Meglio non opporre resistenza per liberarsene: sono canzoni che vanno cantate a squarciagola (se non altro nella vostra testa) sotto la doccia, inventandosi anche strofe e finale al bisogno, pur di lasciarle andare, di farle uscire dal nostro orecchio.

Ma veniamo alle cose serie, la musica può cambiare le sorti di una giornata e motivarci davvero. Dettare il tempo giusto. Come accade tutto ciò? “Sia i musicisti che i ricercatori che si occupano di musica sanno che non vediamo il ritmo, sentiamo il ritmo”, continua Viskontas. “Le parti del nostro cervello che sono impegnate nell’elaborazione del ‘beat’ sono le stesse parti del nostro cervello che sono impegnate nella pianificazione delle azioni motorie”. Va da sé che sentiamo il ritmo attraverso i nostri corpi.

La musica ha il vero e proprio potere di cambiare la nostra mente.

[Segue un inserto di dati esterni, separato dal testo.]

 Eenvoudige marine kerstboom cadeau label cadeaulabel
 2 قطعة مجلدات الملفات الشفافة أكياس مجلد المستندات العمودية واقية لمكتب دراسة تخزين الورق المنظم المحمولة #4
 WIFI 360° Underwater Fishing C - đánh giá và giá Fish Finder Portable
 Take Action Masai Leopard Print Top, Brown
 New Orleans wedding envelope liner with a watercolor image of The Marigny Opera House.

In effetti sono tantissimi i ritmi biologici che popolano i nostri corpi e che agiscono secondo tempo diversi. Ci sono le nostre onde cerebrali, le frequenze cardiache, il battito del polso, il ritmo del respiro: siamo fatti per sincronizzarci con il ritmo, che in realtà in qualche modo innesca le parti del nostro cervello che sono coinvolte nel movimento. Eppure gli effetti di questo sincronizzarci non sono sempre sommativi, spesso lavorano in contrappunto, disinnescandoci o innescandoci. “Ascoltare una musica calma quando sei ansioso può anche abbassare la frequenza cardiaca, rendere la respirazione più profonda, perché all’improvviso il tuo cervello sta cercando di sincronizzarsi con la musica e se la musica ha un ritmo più lento, allora questo rallenta questi altri parti autonome del sistema nervoso”, precisa la musicista.

La musica può essere molto rilassante o molto stimolante, studiandone gli effetti è affascinante riuscire a vedere i livelli dell’ormone cortisolo che diminuiscono – a dirci che una persona è meno agitata – quando si ascolta musica.

Per David Byrne “la musica ha il vero e proprio potere di cambiare la nostra mente”. La musica ha il privilegio di unificare persone, anche quando sono indecise sulla posizione da prendere. “Mette insieme persone che sentono in una certa direzione, ma non sono in grado di prendere una posizione netta: la musica fornisce un supporto articolato, un contesto condiviso”.

La musica aiuta a fare gruppo, a creare una mente viva. Mi sento di dire: una delle poche manifestazioni del sacro che riesco a concepire.